**Required action**
Omitting every picture, output the records below exactly, please.

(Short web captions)
- - - - -

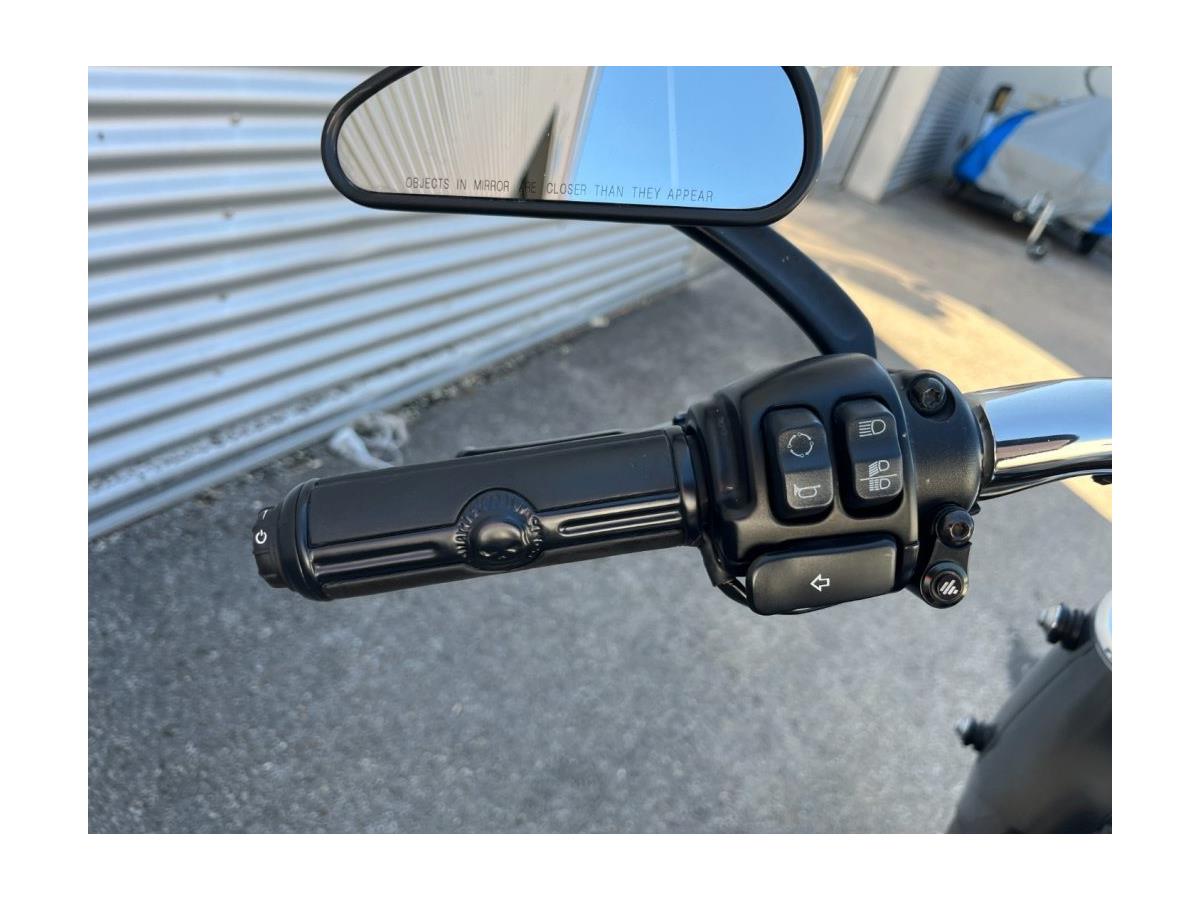 2019 Harley-Davidson Softail Fat Boy 114 FLFBS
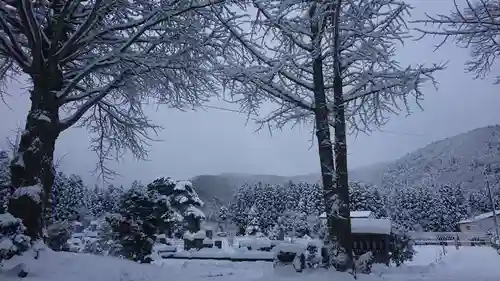 壽徳寺 じゅとくじの自然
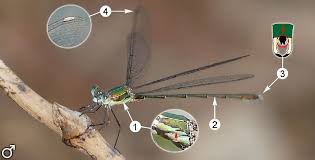 Attēlu rezultāti vaicājumam “Chalcolestes viridis”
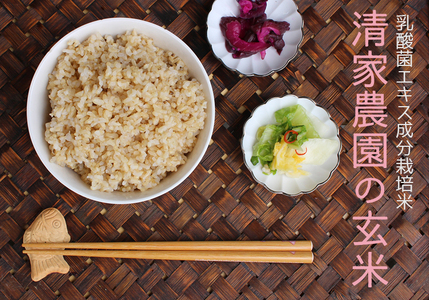 【令和7年産】清家農園 錦米（にこまる）玄米3kg【特別栽培・農薬不使用】 玄米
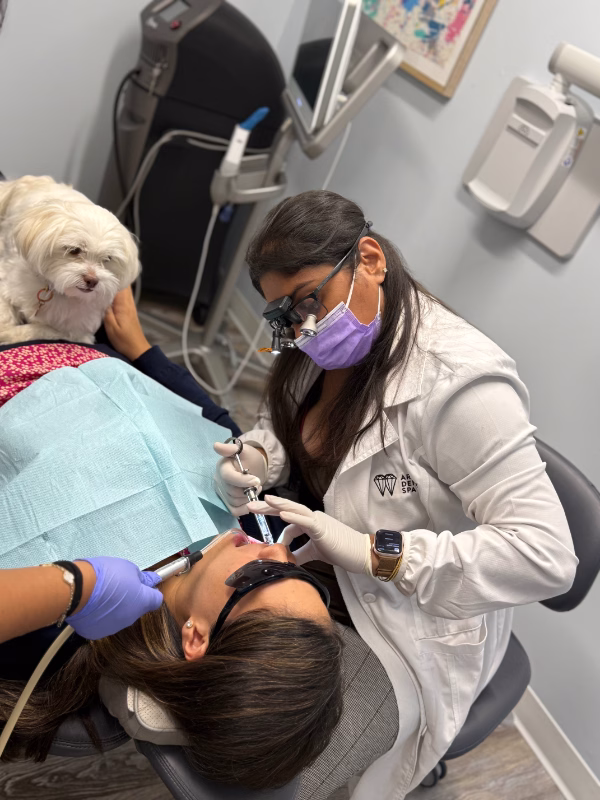 Koko the office therapy dog in Ardsley, NY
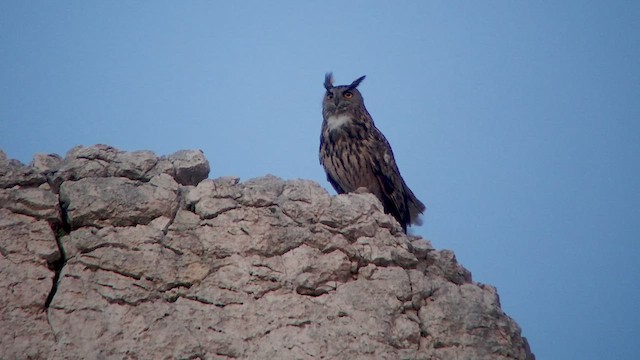 Eurasian Eagle-Owl - ML533284061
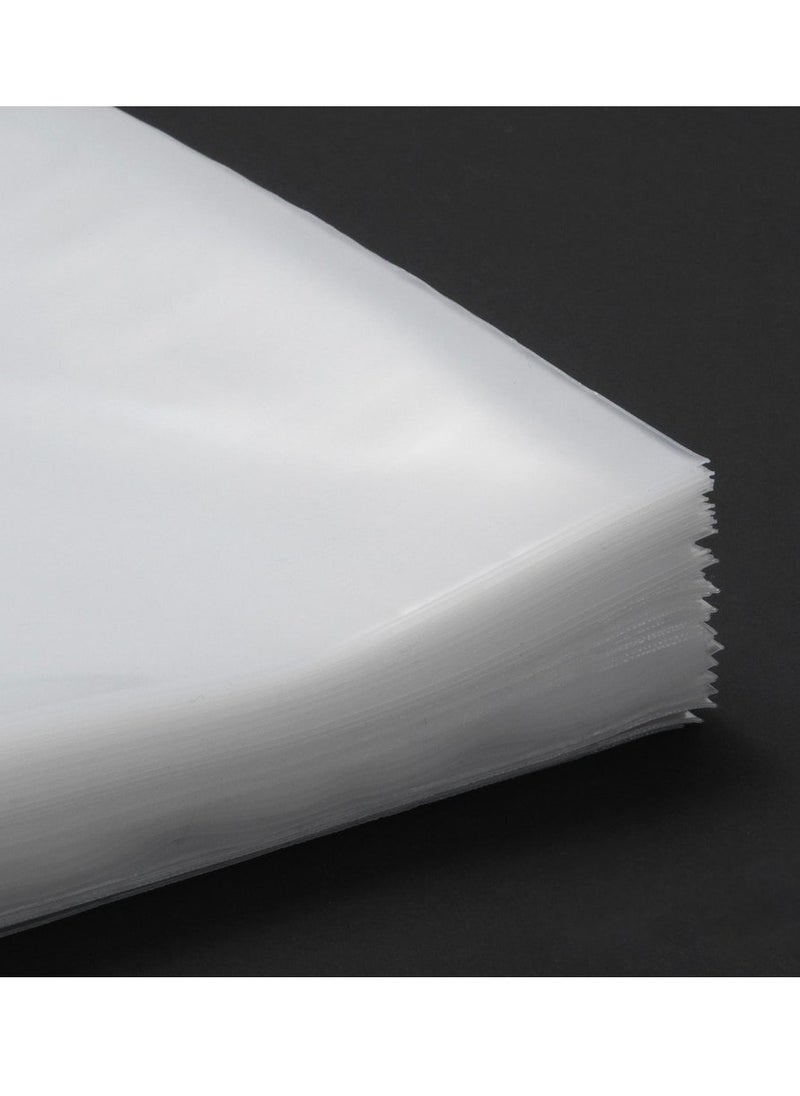 echo AUDIO Echo Audio 12 Inch Vinyl Record Outer Sleeves Pack of 100 3 Millimeters Thickness 12.75 x 12.75 inches Ideal Protection for Your LP Album Collection and Vinyl Record Covers  - Image 2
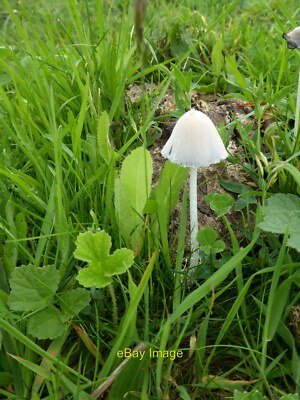Photo 6x4 Coprinus fungus at Seven Barrows The name of this genus of fung c2018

- - - - -

**Written solution**
 2019 Harley-Davidson Softail Fat Boy 114 FLFBS
 壽徳寺 じゅとくじの自然
 Attēlu rezultāti vaicājumam “Chalcolestes viridis”
 【令和7年産】清家農園 錦米（にこまる）玄米3kg【特別栽培・農薬不使用】 玄米
 Koko the office therapy dog in Ardsley, NY
 Eurasian Eagle-Owl - ML533284061
 echo AUDIO Echo Audio 12 Inch Vinyl Record Outer Sleeves Pack of 100 3 Millimeters Thickness 12.75 x 12.75 inches Ideal Protection for Your LP Album Collection and Vinyl Record Covers  - Image 2
Photo 6x4 Coprinus fungus at Seven Barrows The name of this genus of fung c2018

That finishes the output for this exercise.